国際的な巨大プロジェクトであるITERなど、現在の核融合発電プロジェクトの多くは、トリチウム(三重水素)という非常に希少で問題のある燃料を必要としている。これに対し、米国の核融合スタートアップ「TAE Technologies」社は、より安価で安全な水素・ホウ素(H-B)核融合の実現を目指しており、このほど、日本の核融合科​​学研究所 (NIFS) と協力して、磁気閉じ込めプラズマにおけるH-B核融合の世界初測定を達成したことを発表した。

TAE社は、Googleなどから受けた12億ドル以上の投資を背景に、「Norman」と呼ばれる第5世代の核融合装置から、予定よりも早く結果を出した。この装置は、3000万℃のプラズマを維持するように設計されているが、すでに7500万℃を突破している。

TAEが水素-ホウ素核融合を採用する理由は、トリチウムのような希少性、放射能の心配もなく、安価で安全に実現できるからだ。

ただし、難点は、ホウ素はトリチウムよりも大きな原子であり、核に正電荷があるため、融合に、重水素-トリチウムの場合に比べて、更に大きなエネルギーが必要になり、そのためには10億度もの超高温という、トリチウム炉の何倍もの高温が必要だという。これについて詳しくは、2022年の記事を参照頂きたい。

TAEは、磁気閉じ込めプラズマにおける水素・ホウ素核融合を世界で初めて測定した事を、科学誌『Nature Communications』に「First measurements of p11B fusion in a magnetically confined plasma」と題した論文で報告している。

今回の実験は、世界最大の超伝導プラズマ閉じ込め装置と世界第2位のステラレータである大型ヘリカル装置(LHD)を有する日本の核融合科学研究所(NIFS)とのパートナーシップの一環として行われたものだ。

この装置は水素・ホウ素核融合を追求するために特別に設計されたものではないが、LHDがすでにホウ素や窒化ホウ素をプラズマに注入するシステムを備えていることを利用したプロジェクトだという。一般的には、格納容器の壁を整え、不純物を取り除き、乱流を減らしてプラズマの閉じ込めを改善し、プラズマの電子密度を高めるために注入されるが、研究チームは、プラズマの中央部にもホウ素が蓄積しており、高エネルギー陽子をプラズマに発射すると、測定できる量のHB融合が期待できるほどの密度にあることに気付いた。
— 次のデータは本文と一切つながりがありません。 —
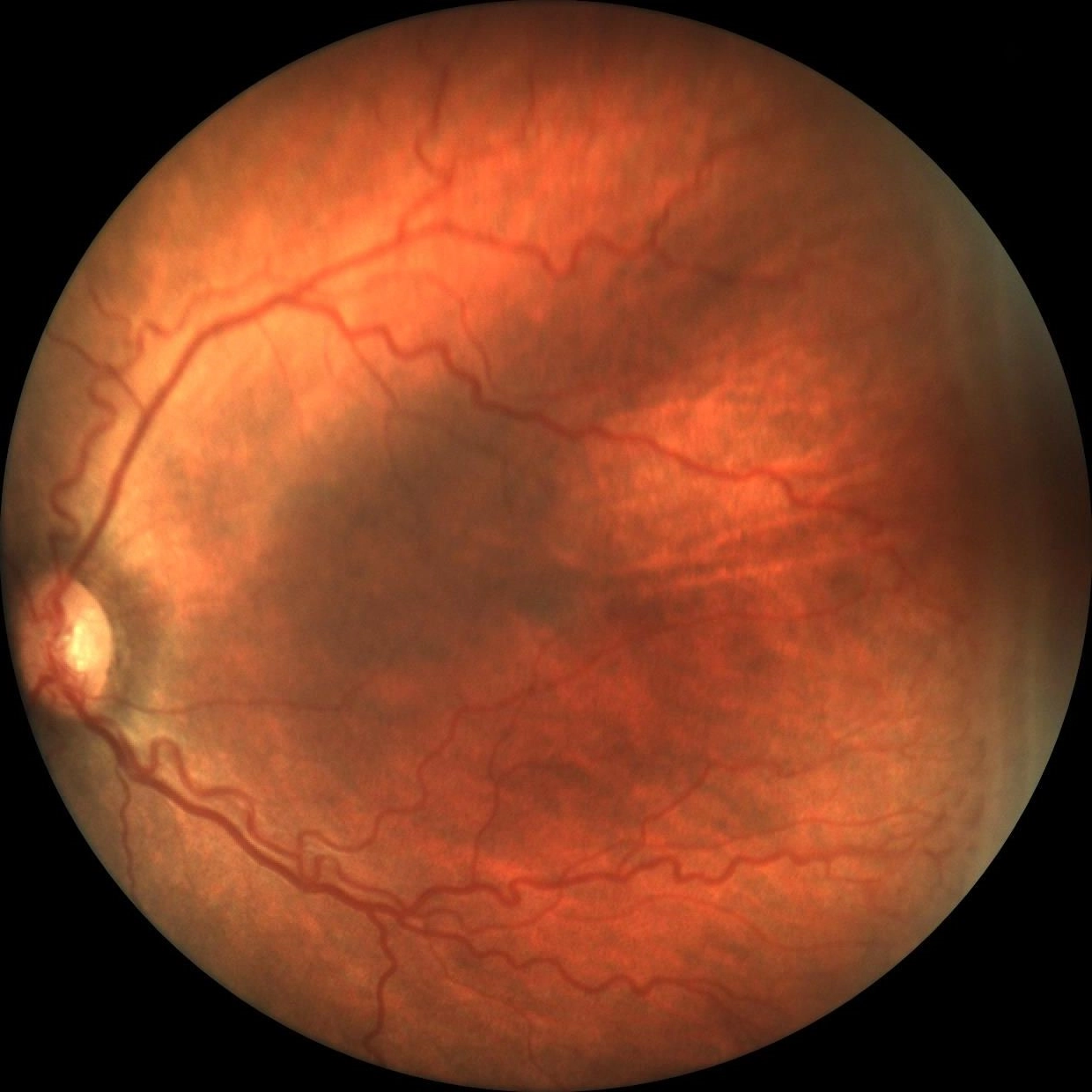 Retina Treatment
そこでTAEは、PIPS(Passivated Implanted Planar Silicon)検出器を中心に、LHDのチャンバー内で起こるH-B核融合によるアルファ粒子(またはヘリウム核)を検出するシステムを構築したのだ。そして想定したように、ホウ素入射と高エネルギー陽子ビームの両方をオンにした場合、PIPS装置は150倍以上のアルファ粒子パルスを検出したという。
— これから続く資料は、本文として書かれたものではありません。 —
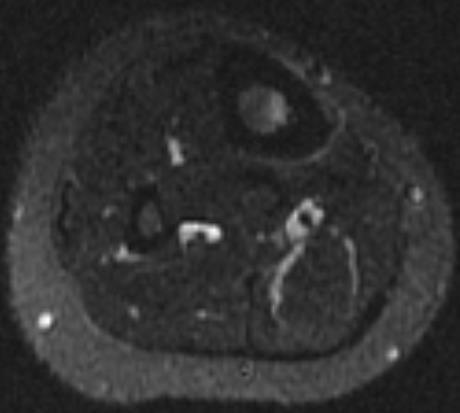 TIBIAL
TAE Technologies CEOであるMichl Binderbauer氏は、「この実験は、我々に豊富なデータを提供し、水素ホウ素が実用規模の核融合発電に適していることを示すものです。私たちは、目の前の物理的な課題を解決し、この非放射性で豊富な燃料に依存する炭素を含まないエネルギーの革新的な新しい形態を世界に提供できることを確信しています」と、述べている。
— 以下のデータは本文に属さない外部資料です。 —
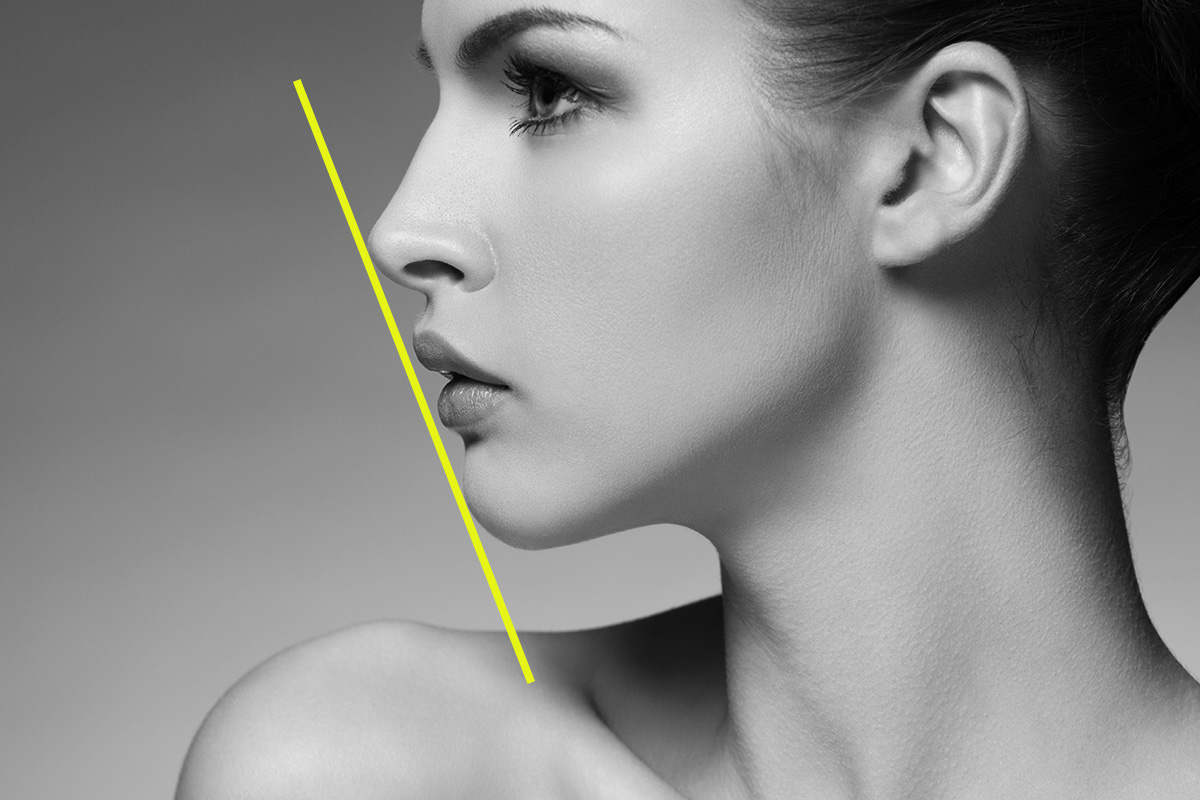 линия Рикетса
同社は既に今後の開発についてロードマップを公開しているが、「Copernicus」原子炉を「10年以内」に予定しており、これにおいては核融合における正味利得の獲得も視野に入れている。2030年代初頭には、世界初のプロトタイプのH-B核融合発電所となる「Da Vinci」が稼働し、送電網に接続されて電力を供給する予定だとしている。


論文

参考文献

研究の要旨

陽子・ホウ素(p11B)核融合は、魅力的なエネルギー源であるが、その実現は技術的に困難である。その可能性を実現するための技術開発には、まず、磁場閉じ込めの熱核プラズマ環境でp11B核融合を起こす実験能力を開発することが必要だ。ここでは、高エネルギー中性粒子ビームによるp11B核融合と、高温核融合プラズマ(大型ヘリカル装置)へのホウ素粉末入射のシミュレーションに裏付けられた、診断上重要なレベルのアルファ粒子放出をもたらす明確な実験結果を報告する。プラズマ周辺部にホウ素粉末を注入することで、炉心にホウ素が蓄積される。2MW、160kVの水素中性粒子ビーム入射装置3台が、ホウ素プラズマと反応する高エネルギー陽子を大量に発生させます。核融合生成物であるMeVアルファ粒子は、カスタム設計の粒子検出器で測定され、グローバルレートの計算と非常によく一致する核融合率を得ることが出来る。これは、磁場閉じ込めプラズマにおけるp11B核融合の最初の実現例である。